CalChamber Policy Advocate Jennifer Barrera told the CalPERS Investment Policy Subcommittee that the proposed change “will create an unfair playing field for publicly held corporations in the political arena and place them at a competitive disadvantage, which could ultimately harm CalPERS investments in those companies.”

The new corporate governance policy was proposed by California Treasurer Bill Lockyer to “create the framework by which CalPERS executes its proxy voting responsibilities.”

The new proposed policy amounts to “forcing publicly held corporations to show their competitors and political adversaries their political investment strategy, without receiving the same information in return,” Barrera said.

The CalChamber is leading a coalition to oppose the change to the corporate governance principles, specifically the section dealing with charitable and political contributions. In a letter to CalPERS, the coalition noted that the new section “is an unfair and discriminatory mandate on corporate boards of directors, designed to chill the ability of businesses to defend themselves from political attacks by competitors, overzealous regulators, labor unions or no-growth advocates.”

If the publicly traded companies are unable to defend themselves against the political attacks of their adversaries, the proposal will have massive unintended consequences for the very people CalPERS is obligated to protect and support.

A similar proposal is being considered by the California Teachers Retirement System.

Proposed Requirements

The proposed new CalPERS policy would require corporate boards to, among other things:

  • Monitor and assess significant charitable and political contributions (including trade association contributions) made by the company.
  • Annually publicly disclose the board’s guidelines for contribution approval as a corporate contributions policy.
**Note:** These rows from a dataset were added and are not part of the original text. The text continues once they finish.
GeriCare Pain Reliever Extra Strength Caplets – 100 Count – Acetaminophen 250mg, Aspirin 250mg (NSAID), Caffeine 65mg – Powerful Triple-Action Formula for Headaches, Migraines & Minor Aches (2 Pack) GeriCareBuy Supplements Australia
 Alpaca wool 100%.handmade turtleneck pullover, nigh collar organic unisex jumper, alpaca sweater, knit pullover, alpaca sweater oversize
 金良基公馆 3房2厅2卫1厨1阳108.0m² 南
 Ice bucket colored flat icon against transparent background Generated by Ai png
The board should annually disclose the amounts and recipients of significant monetary and non-monetary contributions made by the company during the prior year, including spending “for political or charitable activities provided to or through a third party to influence elections of candidates or ballot measures or governmental action.”
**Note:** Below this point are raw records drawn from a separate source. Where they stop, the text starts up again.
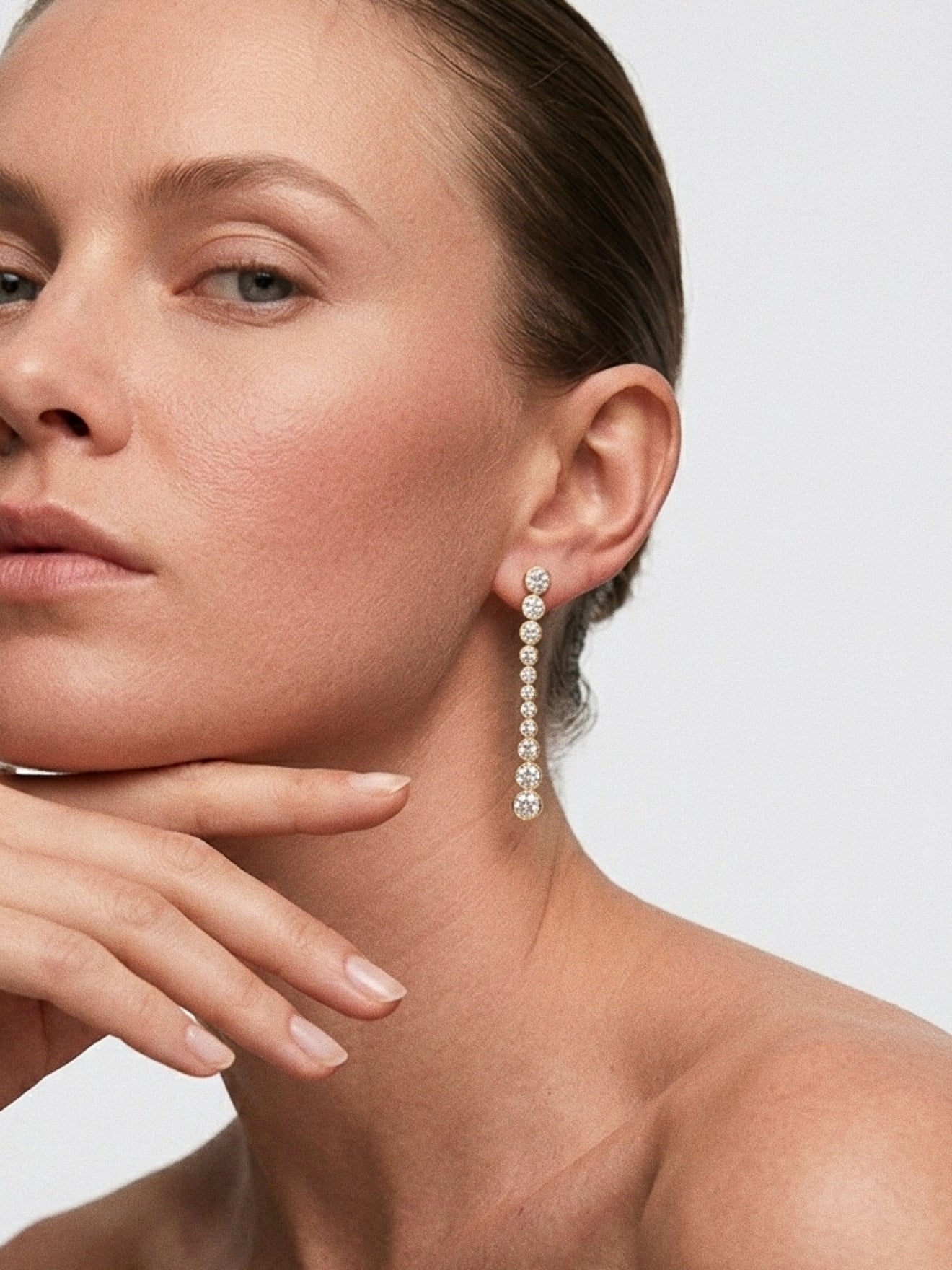 Lueur Bubble Long Cubic Zircon Drop Earrings-Gold gembea jewelry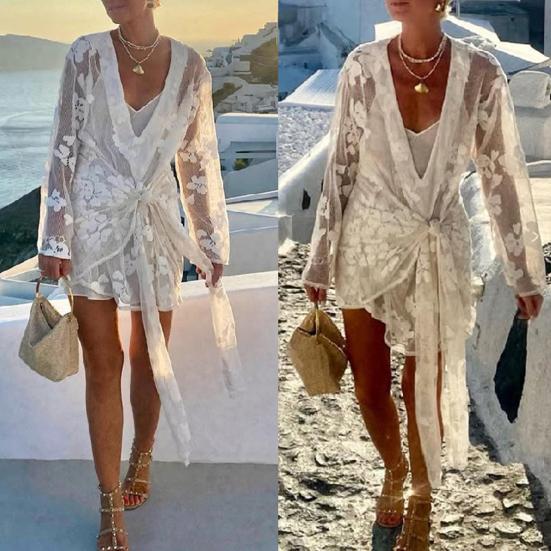 Женская накидка-бикини с V-образным вырезом, длинными рукавами, прозрачная, с вышивкой в виде цветочного узора, кружевной отделкой и шнуровкой.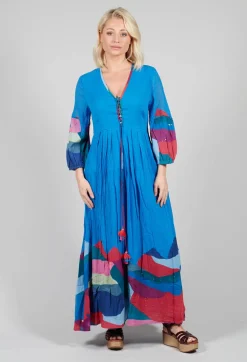 Rene Derhy Dresses^Theatral Dress in Bleu and Petr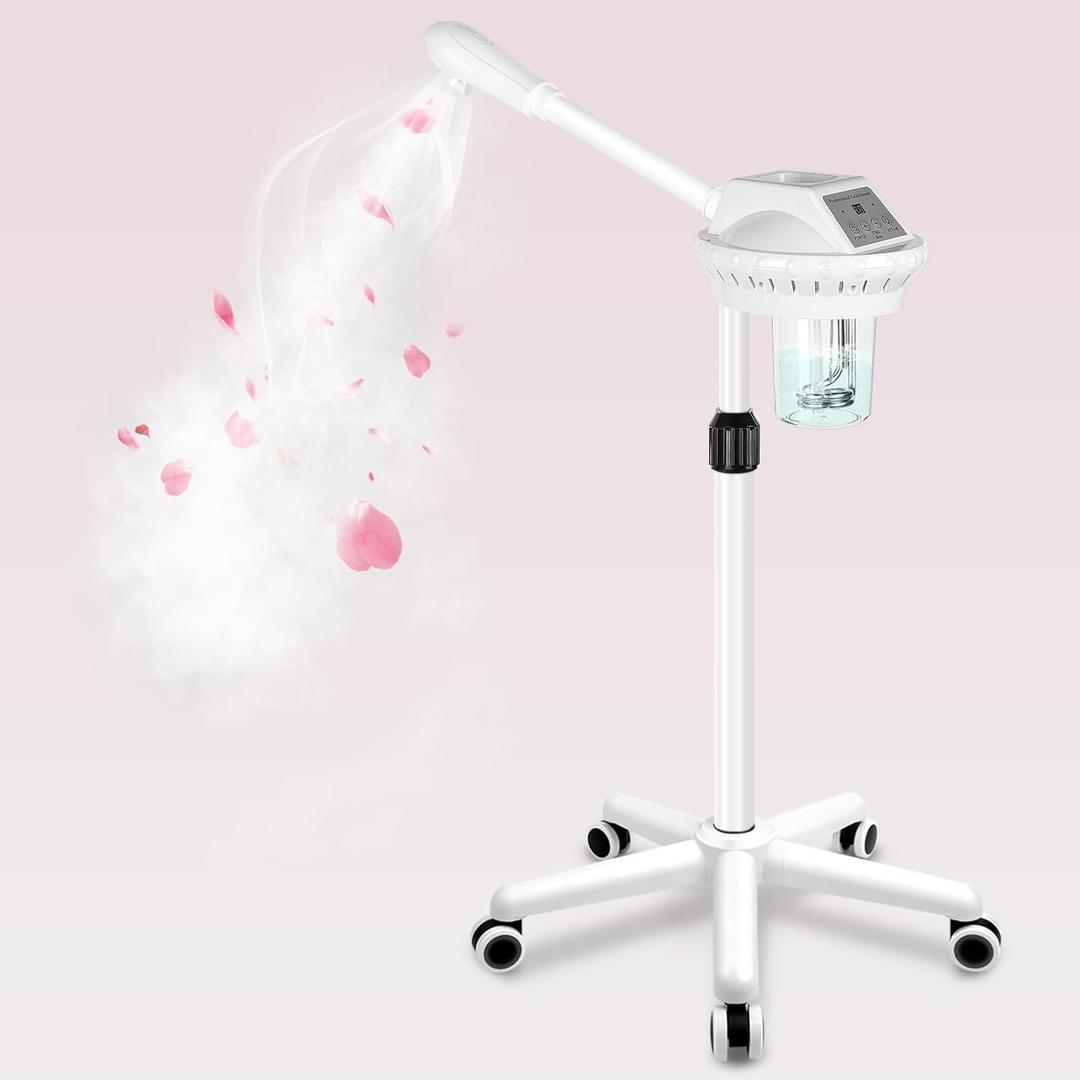 Facial Steamer Professional for Deep Cleansing and Hydration, Face Steamer for Estheticians with Adjustable Height, Spa Ozone Steamer on Wheels, Suitable for Home and Beauty Spa Salon Use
CalPERS is the nation’s largest public retirement system, with an investment portfolio topping $230 billion.

The system is overseen by a board comprised mostly of elected employee representatives and statewide elected officials or their designees.

Invalid Premise

The CalChamber has pointed out that the premise of Lockyer’s proposal—that corporate value is negatively correlated with corporate political transparency—is not true.
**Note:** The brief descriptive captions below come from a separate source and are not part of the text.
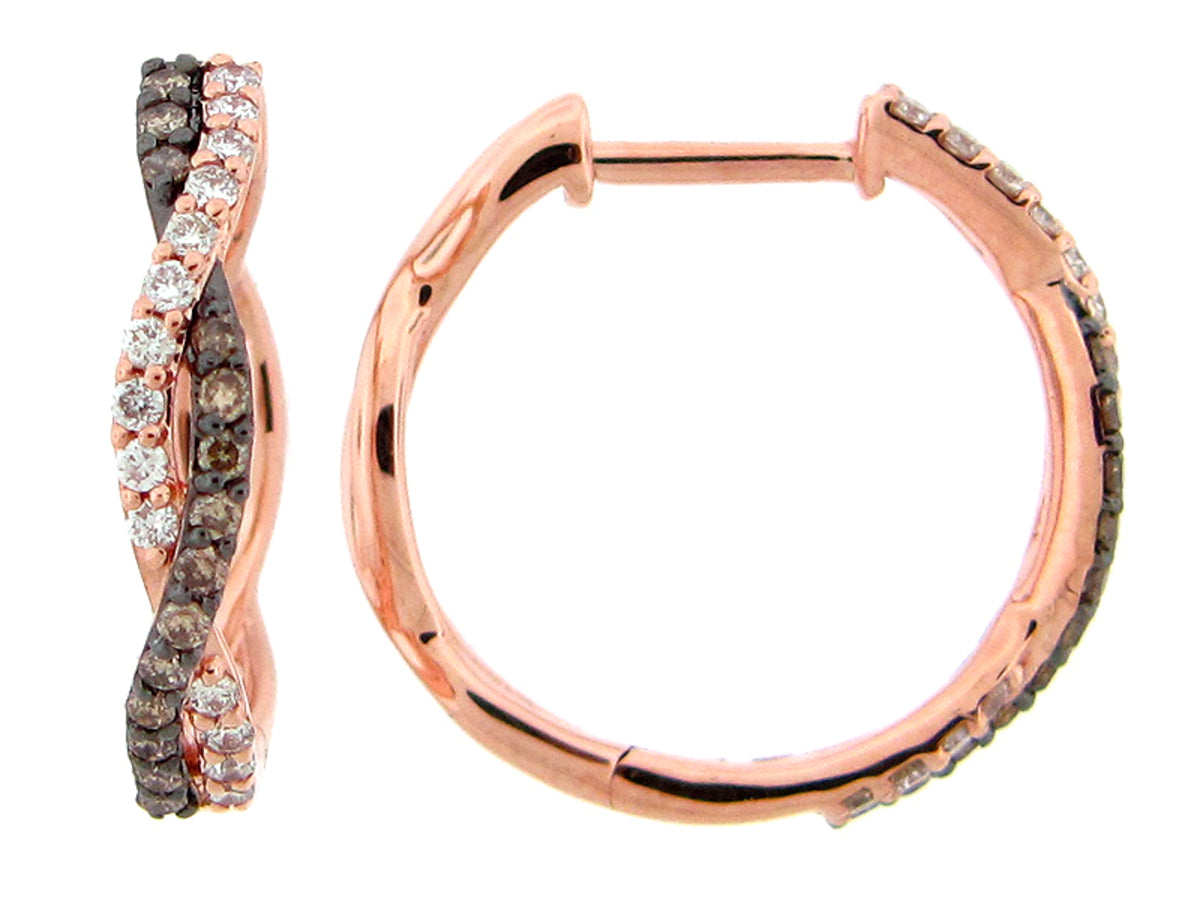 BROWN & WHITE DIAMOND TWIST EARRING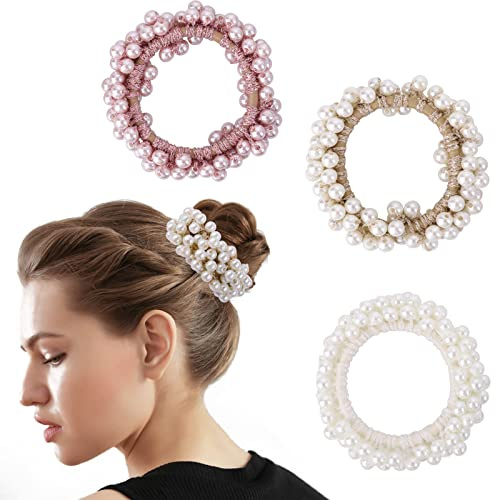 3 Pezzi Fasce per Capelli con Perle Elastico Capelli Donna Corda per Capelli con Perline Fasce per Coda di Cavallo con Perle Fantasia Accessori Capelli Donna Ragazze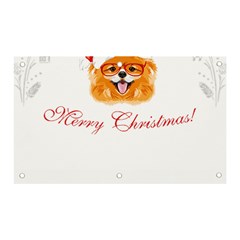 Pomeranian Dog T-shirthappy Pomeranian Dog Wearing Eyeglasses And Santa Hat T-shirt Banner And Sign 5  X 3  by EnriqueJohnson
Professor Lawrence Ribstein of the University of Illinois notes that the negative correlation “may be because firms hurt most by government regulation must engage in more political activity.”

Professor Roger Coffin of the University of Delaware has found that companies “that signed the ‘anti-Citizens United pledge’ in the aftermath of the decision did not see a material increase in firm value. Nor did the value of several industry-specific indexes go down. This represents good news for shareholders and the companies themselves.”